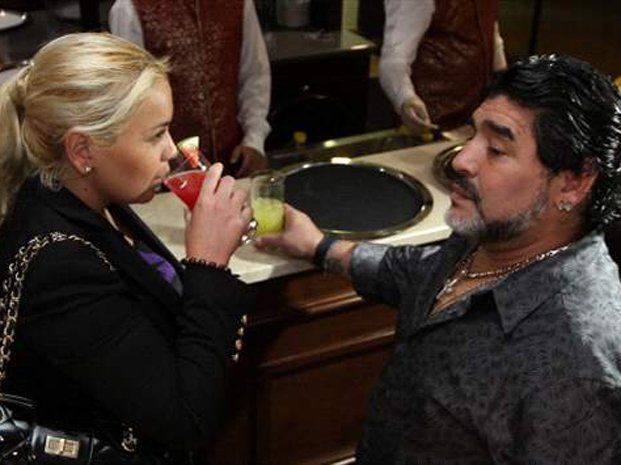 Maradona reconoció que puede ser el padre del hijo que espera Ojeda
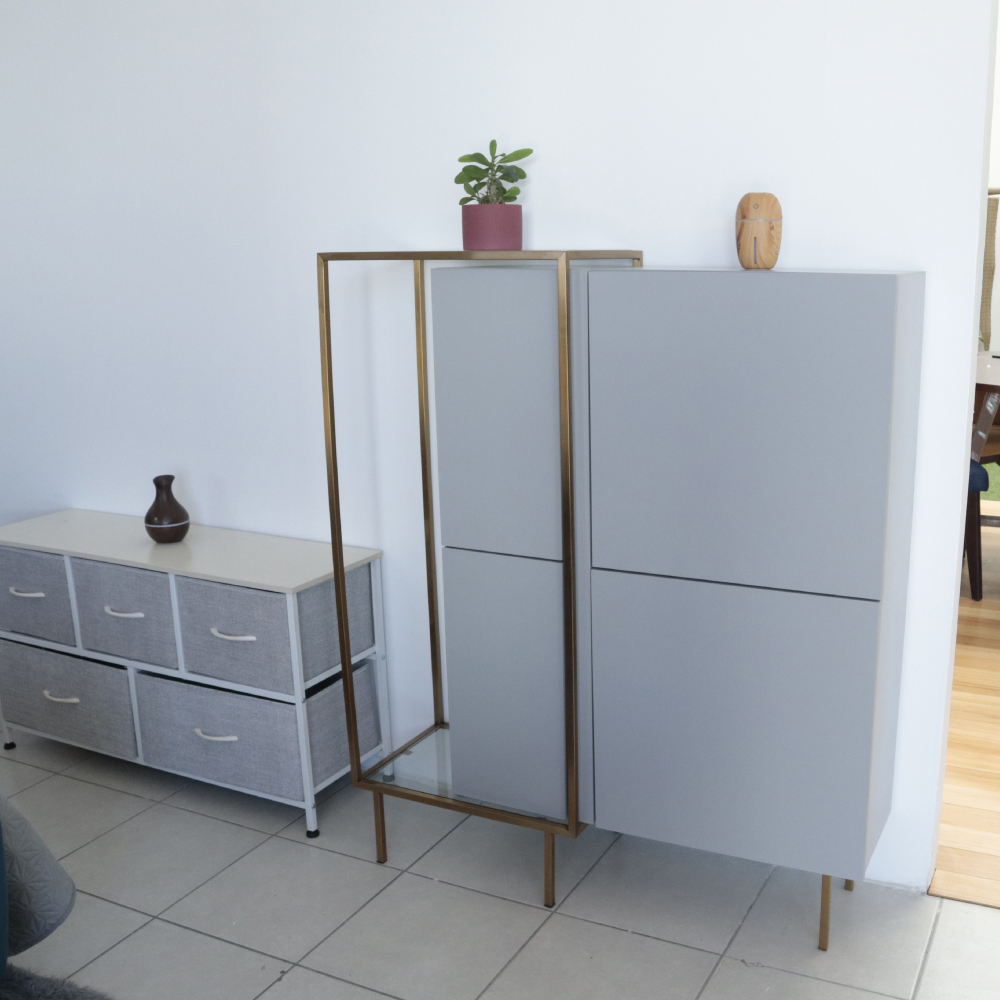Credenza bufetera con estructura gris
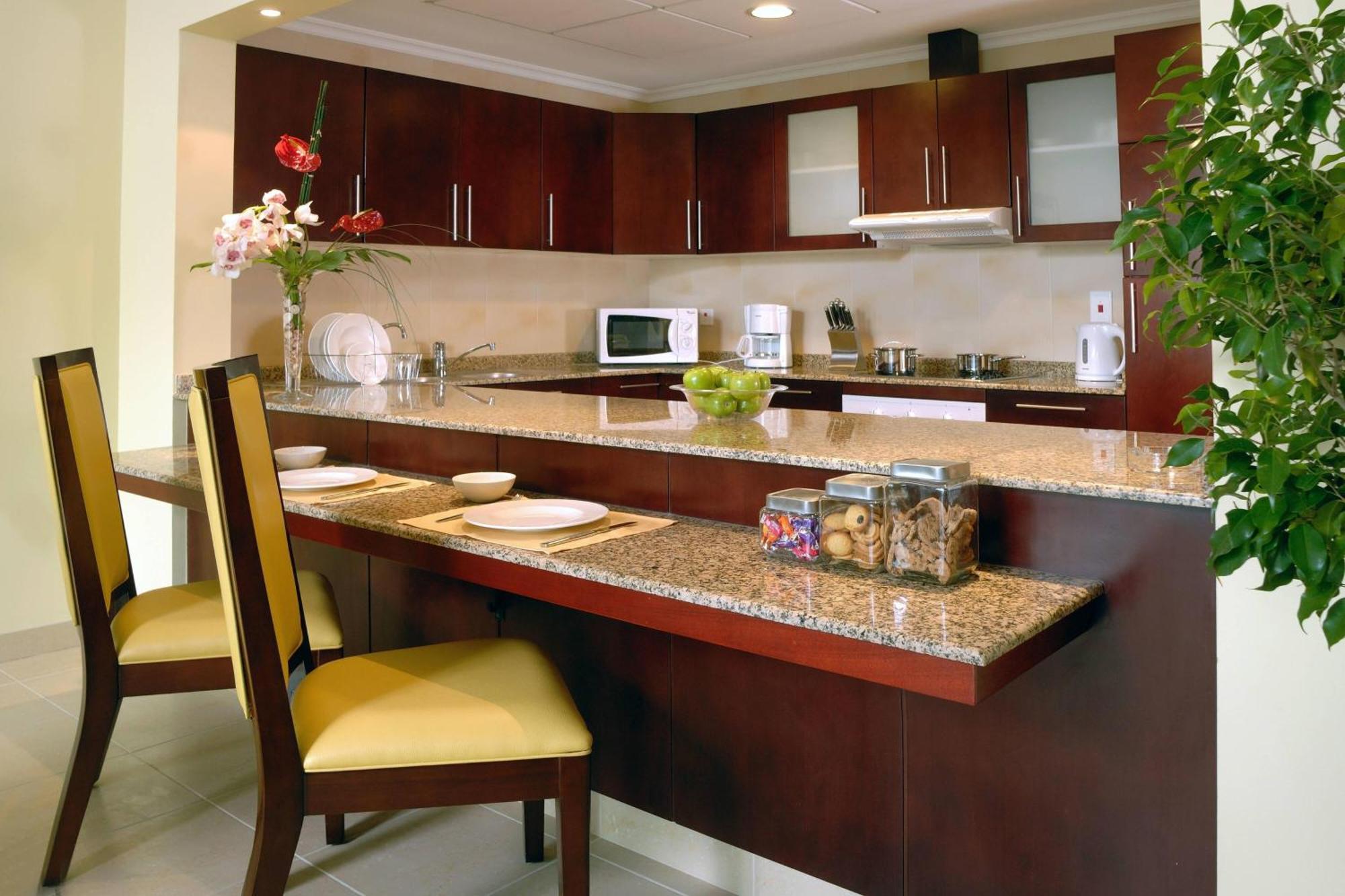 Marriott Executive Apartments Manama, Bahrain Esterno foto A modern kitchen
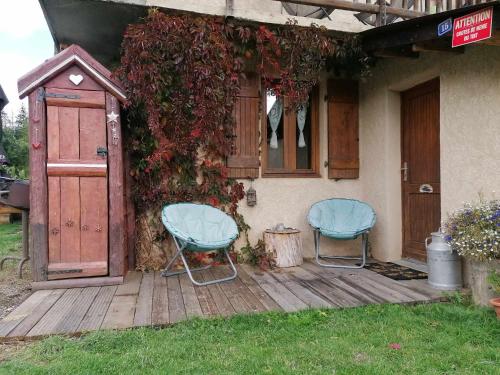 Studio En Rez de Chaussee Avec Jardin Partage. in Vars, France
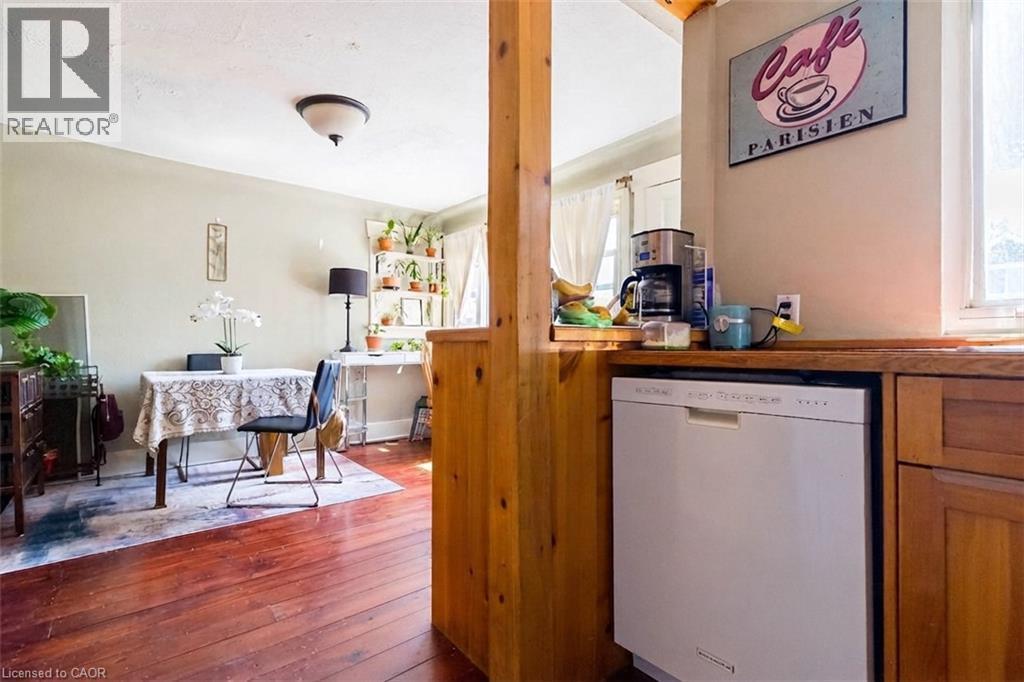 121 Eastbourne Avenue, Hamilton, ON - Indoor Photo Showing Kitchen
────────────────────
Restate the data above verbatim, skipping every image.

 Maradona reconoció que puede ser el padre del hijo que espera Ojeda
Credenza bufetera con estructura gris
 Marriott Executive Apartments Manama, Bahrain Esterno foto A modern kitchen
 Studio En Rez de Chaussee Avec Jardin Partage. in Vars, France
 121 Eastbourne Avenue, Hamilton, ON - Indoor Photo Showing Kitchen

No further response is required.